◆ Your instructions:
Within the records below, find the line with "Karlsruhe Tram Abendstimmung" and the line with "SARKAWNN 10.8V 2200mAh", then reproduce exactly those two lines and all lines between them, without any picture.

◆ Data excerpts:
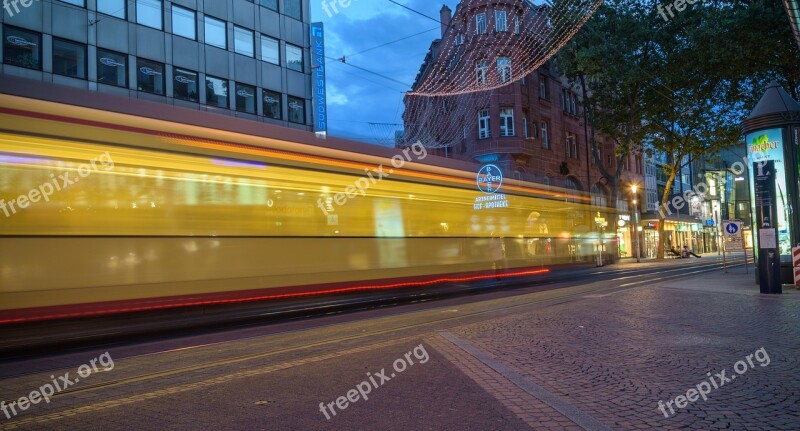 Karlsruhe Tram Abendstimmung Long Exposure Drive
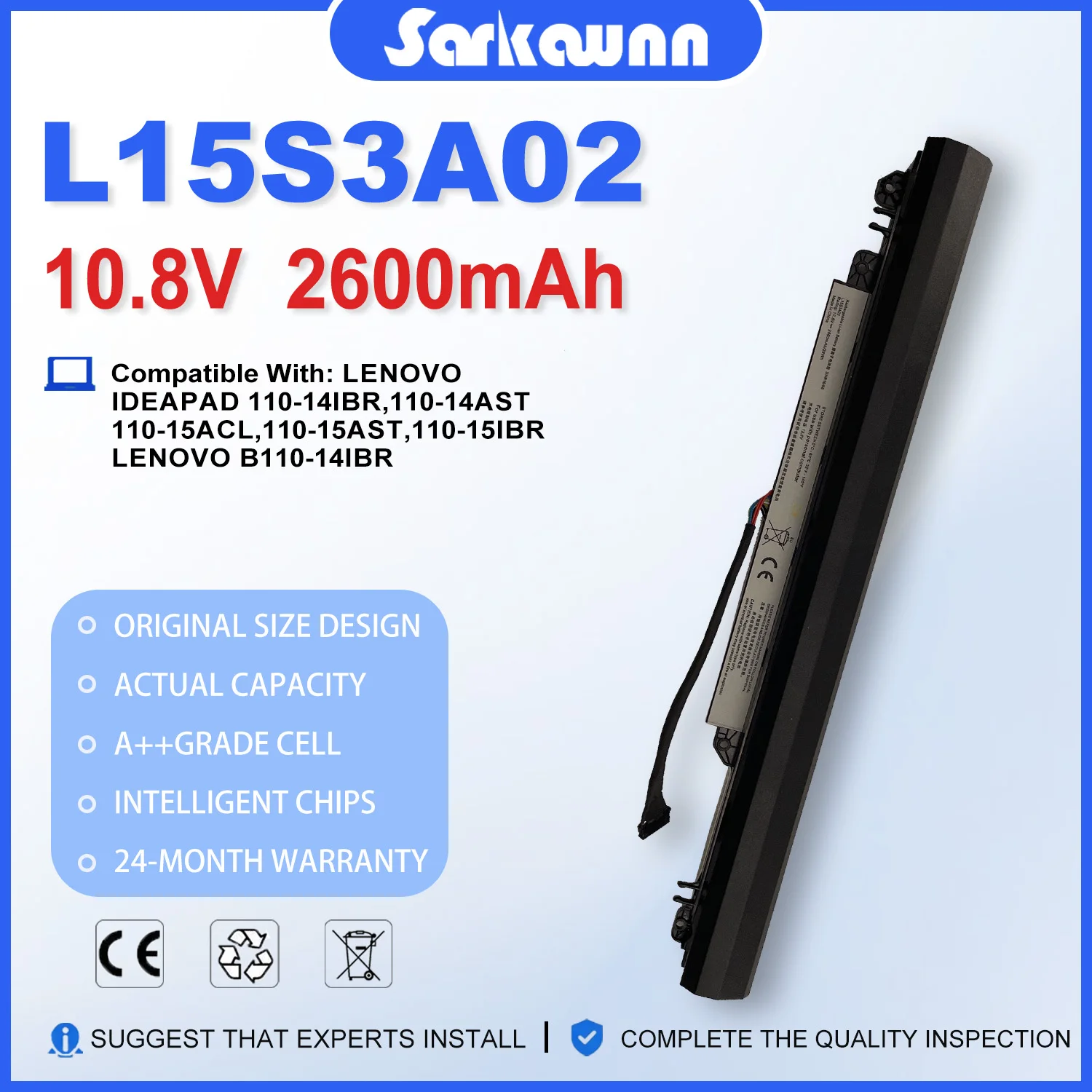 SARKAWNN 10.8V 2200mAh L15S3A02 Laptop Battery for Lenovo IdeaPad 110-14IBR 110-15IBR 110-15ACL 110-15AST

* * *

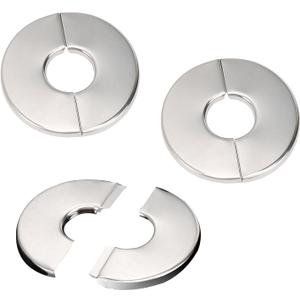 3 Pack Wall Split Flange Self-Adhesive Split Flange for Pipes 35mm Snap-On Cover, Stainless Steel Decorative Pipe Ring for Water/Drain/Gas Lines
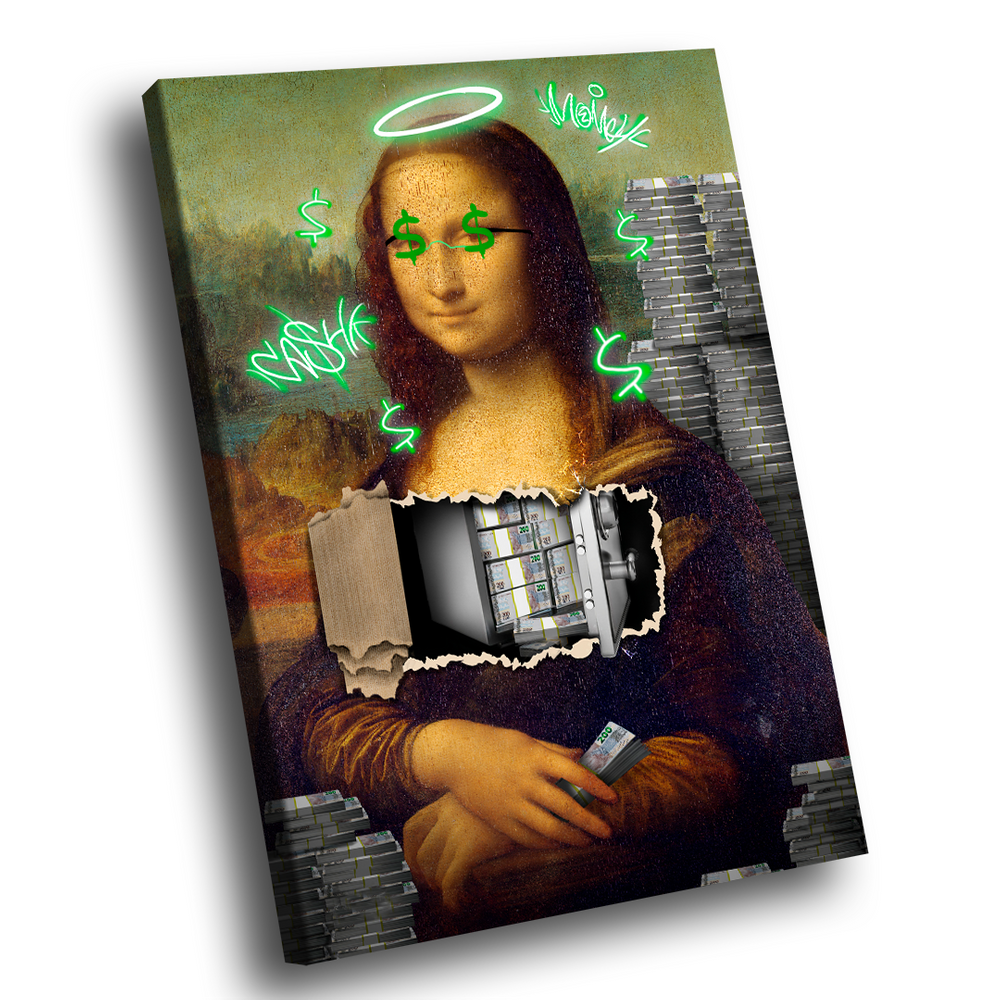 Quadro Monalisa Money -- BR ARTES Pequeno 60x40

◆ Your response:
 Karlsruhe Tram Abendstimmung Long Exposure Drive
 SARKAWNN 10.8V 2200mAh L15S3A02 Laptop Battery for Lenovo IdeaPad 110-14IBR 110-15IBR 110-15ACL 110-15AST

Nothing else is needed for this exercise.